HL Deb 15 July 1919 vol 35 cc622-4

LORD SHEFFIELD had the following Notice on the Paper—

To call attention to the statement of Mr. Fisher, Minister for Education, that the rule requiring secondary schools in receipt of Government grants to have a majority of representative governors ruled out certain excellent Roman Catholic, schools, and to ask the Earl of Crawford whether it is correct, as shown in List 60 of Secondary Schools recognised by tile Board of Education, that there are forty-six Roman Catholic schools so recognised with 9,376 pupils on the roll, and that of these only three with 161 pupils receive no grant? Whether these three schools at Northampton, Berwick-on-Tweed, and Newcastle differ in their character from the numerous schools, either convent schools or managed by a religious order, which receive full grants, and whether, since forty-three such schools with 9,215 pupils on the roll have complied with the conditions of the Board of Education and are receiving grants under them, there is any reason to think that these conditions are unreasonable or excessive, and whether the excellent schools that are, according to Mr. Fisher, ruled out are the three schools mentioned in List 60, and if not, what is the number of schools with their pupils which have desired to receive grants but are excluded by the conditions, and why they have not applied to be enrolled among schools recognised by the Board of Education? And what steps the Board of Education will take, after allowing a majority of the governors to be Roman Catholic, to secure that the regulation freeing all teachers from tests on religious discrimination shall have its proper effect? And to move for a Return of the recognised Roman Catholic schools that have applied for grants and have been refused, or that have intimated that the existing conditions prevent them from applying.

The noble Lord said: My Lords, I beg to put the Question which stands in my name, and as the facts are sufficiently set out I need not repeat them. I will only express the hope that the noble Earl will be able to grant the Return for which I ask.

Moved, That there be laid before the House a Return of the recognised Roman Catholic schools that have applied for grants and have been refused, or that have intimated that the existing conditions prevent them front applying.—(Lord Sheffield.)

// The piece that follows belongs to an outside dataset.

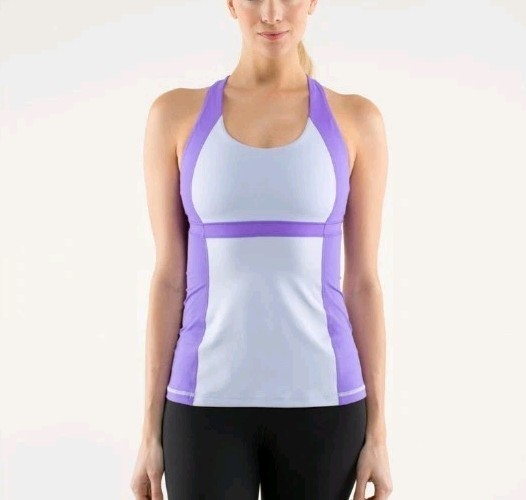 Lululemon Color Block Purple Bra Tank Halter Style Neck Cross Back Large 12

My Lords: While I am afraid I cannot grant the Return for reasons which I will state, I think the reply, though somewhat technical in character, will fully satisfy the noble Lord. I wish in the first place to say that Mr. Fisher does not accept the reports of his interview with a deputation from the National Democratic Party in certain newspapers as complete or accurate. The number of Roman Catholic schools on List 60—that is the list of secondary schools recognised by the Board as efficient—is forty-seven, not forty-six as stated by the noble Lord, and the number of these which are also on the Grant List is forty-four. The three schools not in receipt of grants do not differ materially from the forty-four in the character of the education provided by them. The forty-four schools are divisible into three categories—(a) Five schools, which were already recognised for grants when the regulations of 1907 were introduced, and were retained on the grant list, but on the lower scale of payment because of their failure to comply with one or more of the conditions of full grant there laid down. Admission to this category from the first was confined to schools which were already in receipt of grant before 1907—


That is the lower grant?


Yes. (b) Thirty-seven schools, which receive the full grant in consequence of waiver granted in respect of requirements relating to religious tests and majority of representative governors. The application of this waiver to any schools which had not already obtained it was withdrawn in 1909. Schools receiving full grant under this head have all to comply with the regulation requiring free places in respect of which waiver was at no time given. (c) Two schools only have seen their way to comply with the full requirements of the Regulations.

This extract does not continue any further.